From ffa690ca3d10c217d975c0c521f6a6769a0d3afb Mon Sep 17 00:00:00 2001
From: Jeremy Fowers <jeremy.fowers@amd.com>
Date: Sat, 2 Dec 2023 15:30:51 -0500
Subject: [PATCH] Further refactoring.

---
 src/turnkeyml/analyze/script.py    | 207 +++++++++++++----------------
 src/turnkeyml/analyze/util.py      |  34 ++++-
 src/turnkeyml/common/filesystem.py |   2 -
 3 files changed, 128 insertions(+), 115 deletions(-)

diff --git a/src/turnkeyml/analyze/script.py b/src/turnkeyml/analyze/script.py
index 24a49af..87d2ff5 100644
--- a/src/turnkeyml/analyze/script.py
+++ b/src/turnkeyml/analyze/script.py
@@ -84,6 +84,15 @@ def _store_traceback(invocation_info: util.UniqueInvocationInfo):
     invocation_info.status_message = " ".join(invocation_info.status_message.split())
 
 
+def set_status_on_exception(build_state: build.State, stats: fs.Stats):
+    # We get `state` when the build tool succeeds, so we can use that to identify
+    # whether the exception was thrown during build or benchmark
+    if not build_state:
+        stats.add_build_stat(fs.Keys.BUILD_STATUS, fs.FunctionStatus.FAILED)
+    else:
+        stats.add_build_stat(fs.Keys.BENCHMARK_STATUS, fs.FunctionStatus.FAILED)
+
+
 def explore_invocation(
     model_inputs: dict,
     model_info: util.ModelInfo,
@@ -173,10 +182,6 @@ def explore_invocation(
     invocation_info.stats = stats
 
     # Stats that apply to the model, regardless of build
-    stats.save_stat(
-        fs.Keys.ANALYSIS_STATUS,
-        fs.FunctionStatus.SUCCESSFUL,
-    )
     stats.save_stat(
         fs.Keys.HASH,
         model_info.hash,
@@ -196,6 +201,13 @@ def explore_invocation(
     if fs.Keys.TASK in tracer_args.labels:
         stats.save_stat(fs.Keys.TASK, tracer_args.labels[fs.Keys.TASK][0])
 
+    # Save the system information used for this evaluation
+    system_info = build.get_system_info()
+    stats.save_stat(
+        fs.Keys.SYSTEM_INFO,
+        system_info,
+    )
+
     # If the input script is a built-in TurnkeyML model, make a note of
     # which one
     if os.path.abspath(fs.MODELS_DIR) in os.path.abspath(tracer_args.input):
@@ -228,86 +240,103 @@ def explore_invocation(
         tracer_args.iterations,
     )
 
+    if model_info.model_type == build.ModelType.PYTORCH_COMPILED:
+        invocation_info.status_message = (
+            "Skipping model compiled using torch.compile(). "

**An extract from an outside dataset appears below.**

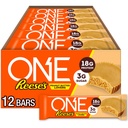 ONE proteïnerepen, Reese's Pindakaasliefhebbers, Glutenvrij met 18g proteïne en 3g suiker, Pantry Staples, 2.12 oz (12 telling)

+            "turnkey requires models to be in eager mode "
+            "(regardless of what runtime you have selected)."
+        )
+        invocation_info.status_message_color = printing.Colors.WARNING
+
+        return
+
+    build_state = None
     perf = None
     try:
-        if model_info.model_type == build.ModelType.PYTORCH_COMPILED:
-            invocation_info.status_message = (
-                "Skipping model compiled using torch.compile(). "
-                "turnkey requires models to be in eager mode "
-                "(regardless of what runtime you have selected)."
+        # Run the build tool (if needed by the runtime)
+        if runtime_info["build_required"]:
+            # Indicate that the build is running. If the build fails for any reason,
+            # we will try to catch the exception and note it in the stats.
+            # If a concluded build still has a status of "running", this means
+            # there was an uncaught exception.
+            stats.add_build_stat(fs.Keys.BUILD_STATUS, fs.FunctionStatus.RUNNING)
+
+            build_state = build_model(
+                model=model_info.model,
+                inputs=inputs,
+                stats_id=stats_id,
+                build_name=build_name,
+                cache_dir=tracer_args.cache_dir,
+                rebuild=tracer_args.rebuild,
+                sequence=sequence_selected,
+                onnx_opset=tracer_args.onnx_opset,
+                device=tracer_args.device,
             )
-            invocation_info.status_message_color = printing.Colors.WARNING
-        else:
-            if runtime_info["build_required"]:
-                # Indicate that the build is running. If the build fails for any reason,
-                # we will try to catch the exception and note it in the stats.
-                # If a concluded build still has a status of "running", this means
-                # there was an uncaught exception.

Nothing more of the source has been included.